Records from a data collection
■ ■ ■ ■

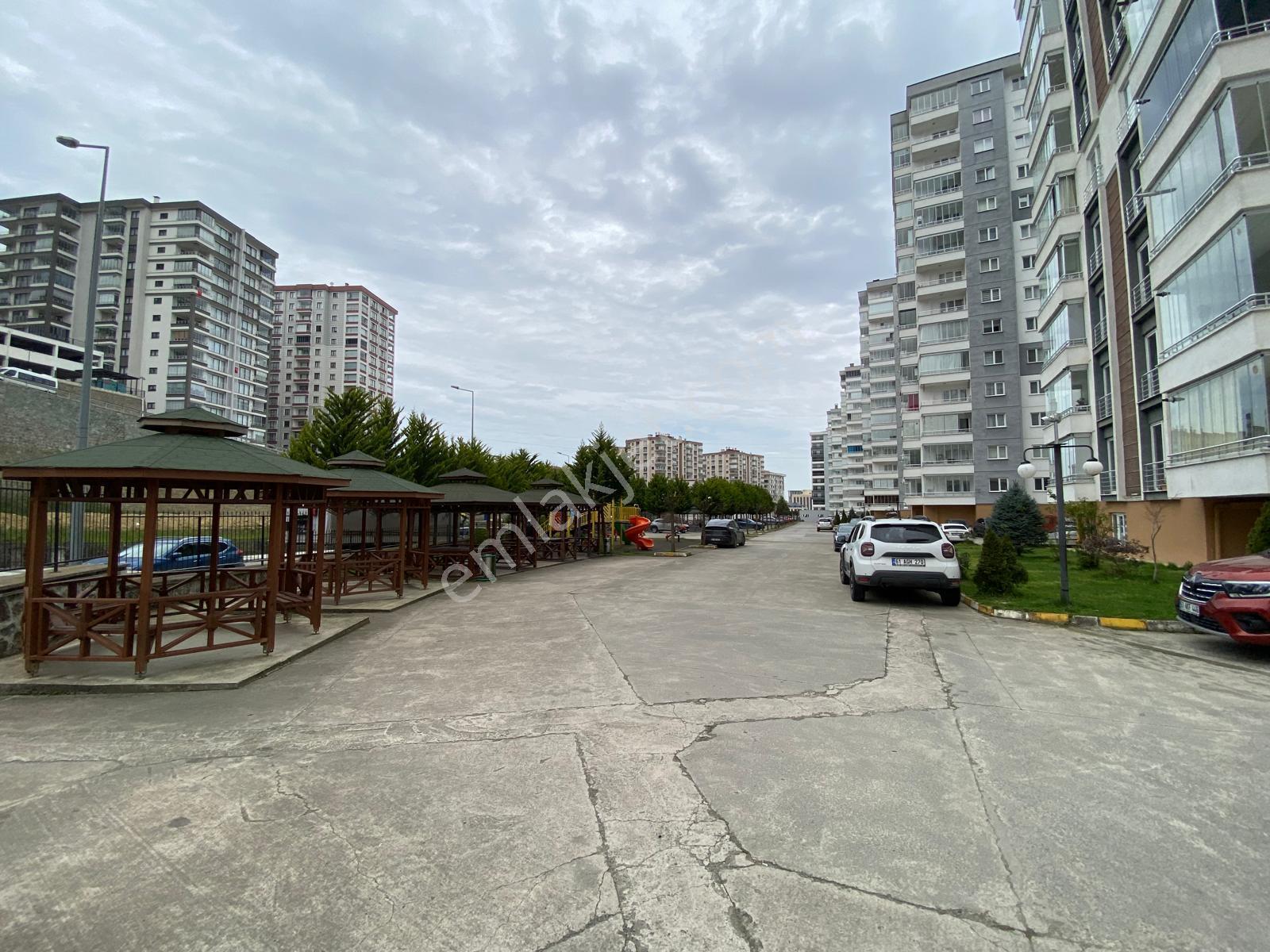 Trabzon Kaşüstü'nde Satılık Dükkan - Görsel 9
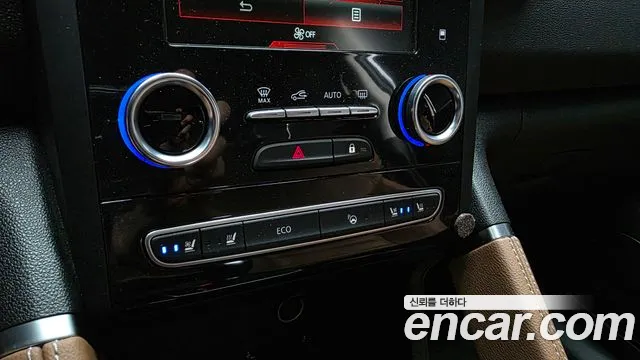 Renault-KoreaSamsung QM6 Новый QM6 2.0 LPe RE Signature 2WD — Фото автомобиля 17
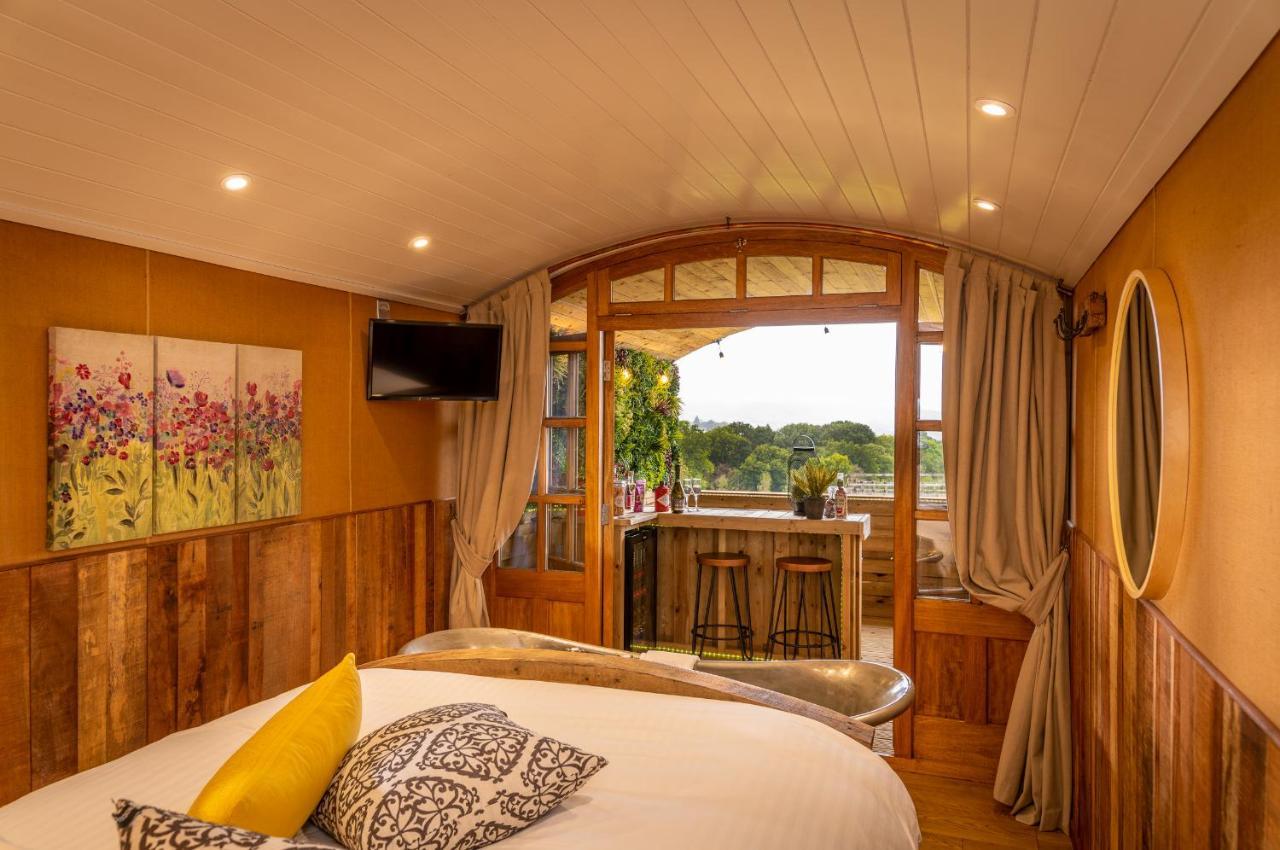 Ashwood Shepherd Hut -Ockeridge Rural Retreats Apartman Worcester Kültér fotó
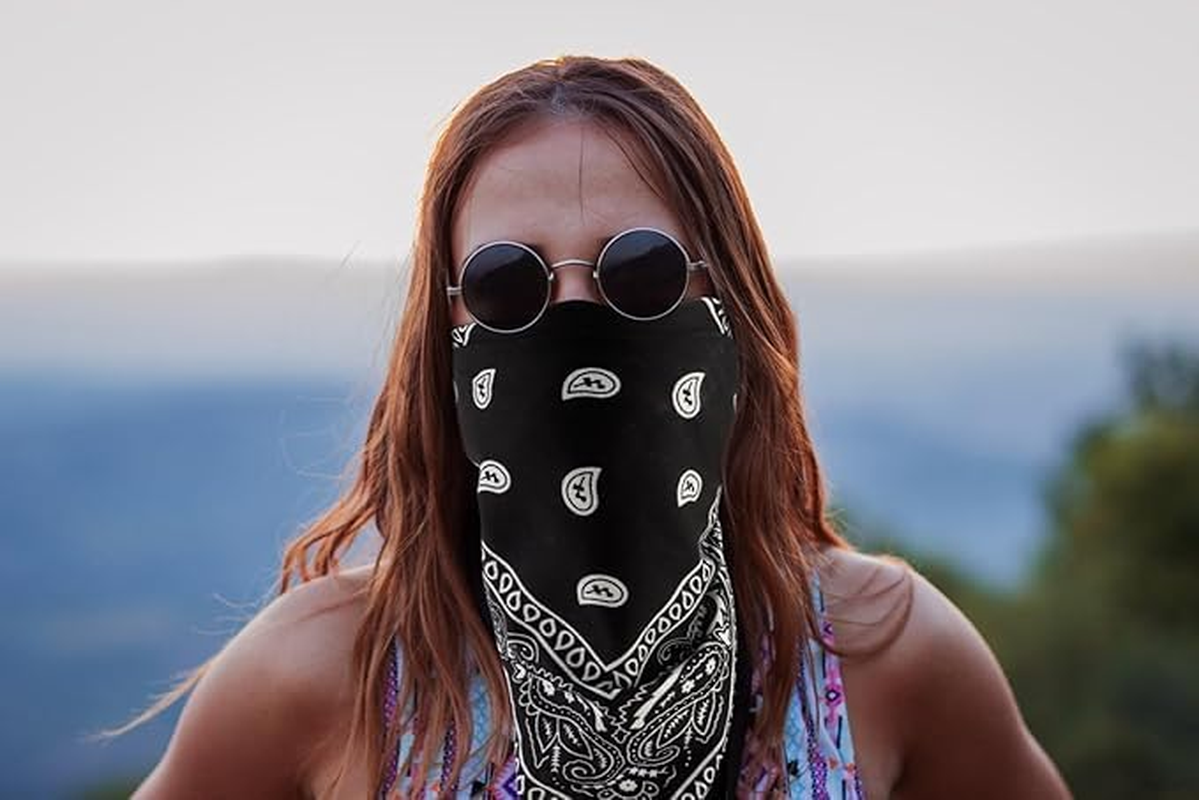 Headbands Cowboy Handkerchiefs for Men and Women Multi-Purpose Head Wrap Neck Scarf image number 5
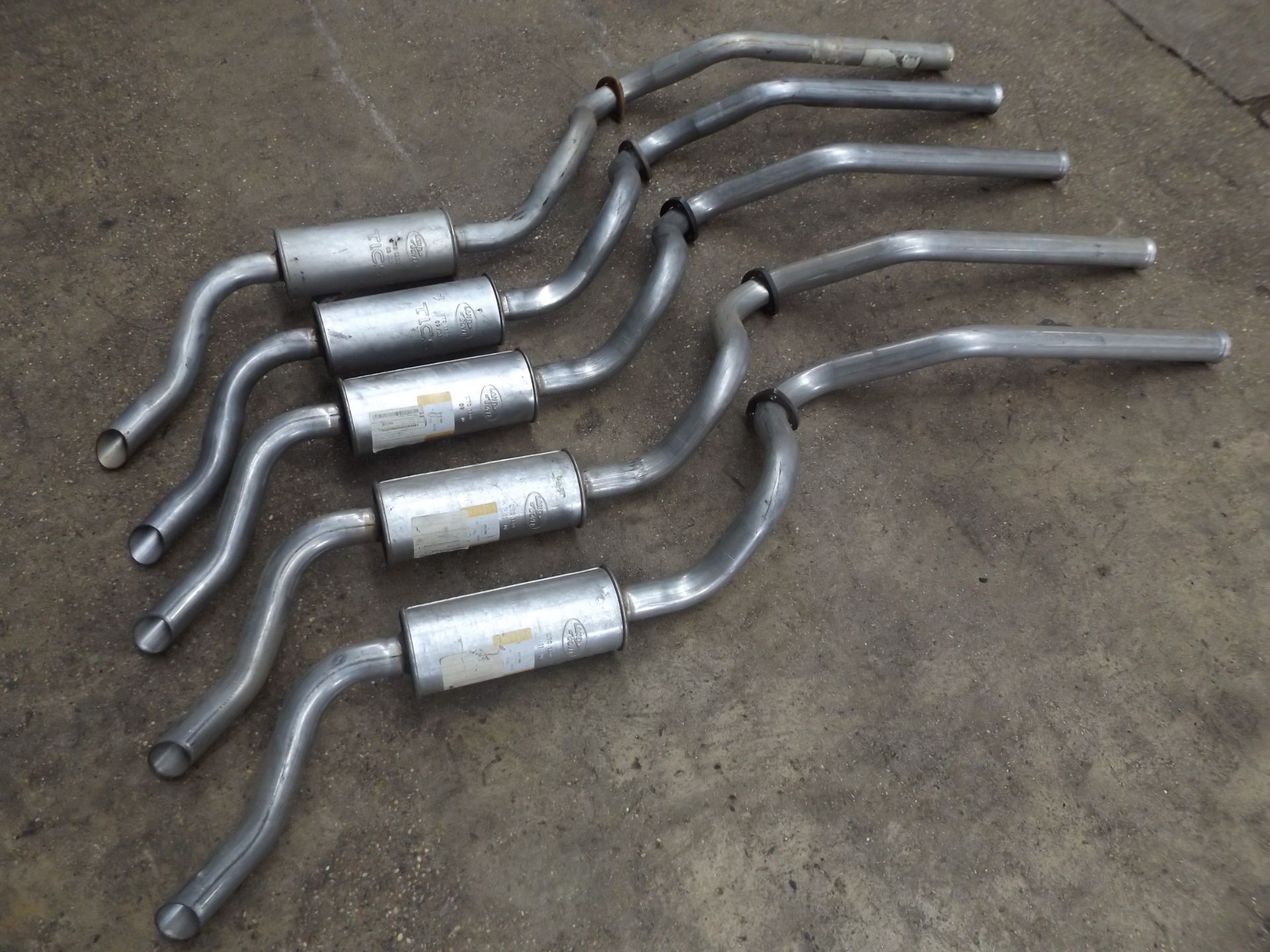 5 x Land Rover NTC1800 Rear Tailpipe and Silencer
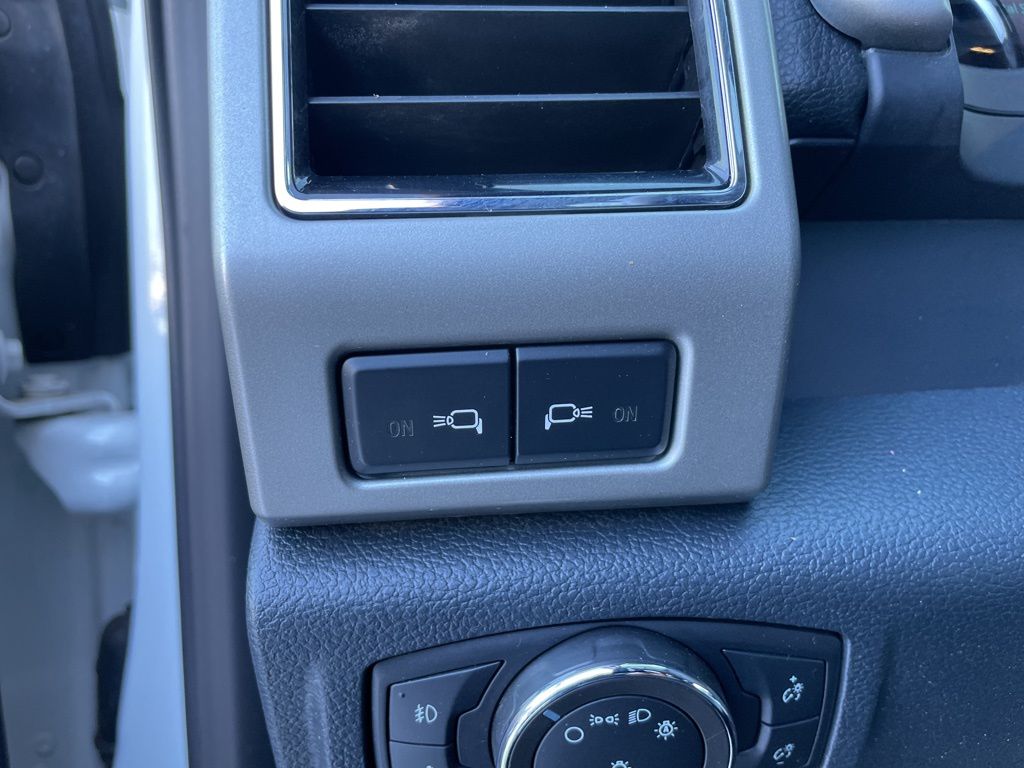 Certified Used 2022 White Ford Lariat image 42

■ ■ ■ ■

Exercise - Only the lines starting at the one that includes "Renault-KoreaSamsung QM6 Новый" and ending at the one that includes "Headbands Cowboy Handkerchiefs" should be retyped, exactly, from the records above; no pictures.

Response -
 Renault-KoreaSamsung QM6 Новый QM6 2.0 LPe RE Signature 2WD — Фото автомобиля 17
 Ashwood Shepherd Hut -Ockeridge Rural Retreats Apartman Worcester Kültér fotó
 Headbands Cowboy Handkerchiefs for Men and Women Multi-Purpose Head Wrap Neck Scarf image number 5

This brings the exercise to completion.